Source data Block Start

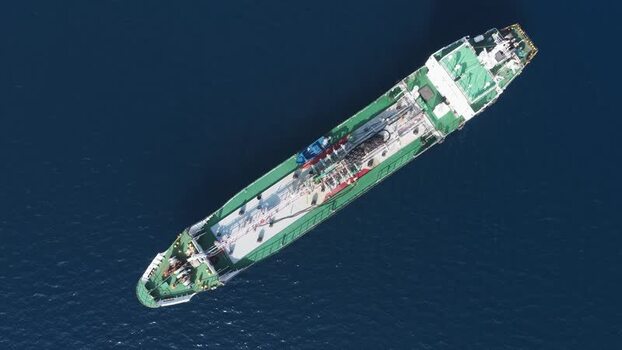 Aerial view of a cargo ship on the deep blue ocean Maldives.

Source data Block End
Source data Block Start

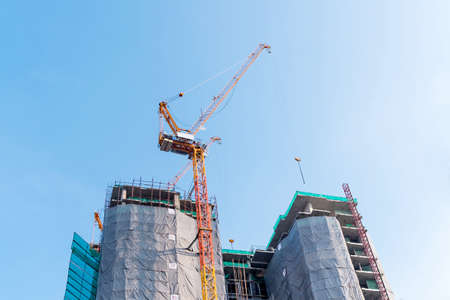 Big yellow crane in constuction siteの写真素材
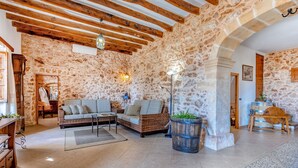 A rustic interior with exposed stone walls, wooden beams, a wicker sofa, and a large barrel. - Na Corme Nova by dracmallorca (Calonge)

Source data Block End

Starting at the line above that contains "Big yellow crane in constuction siteの写真素材", transcribe every line exactly through the line that contains "A rustic interior", including that last one, and skip the pictures.

 Big yellow crane in constuction siteの写真素材
 A rustic interior with exposed stone walls, wooden beams, a wicker sofa, and a large barrel. - Na Corme Nova by dracmallorca (Calonge)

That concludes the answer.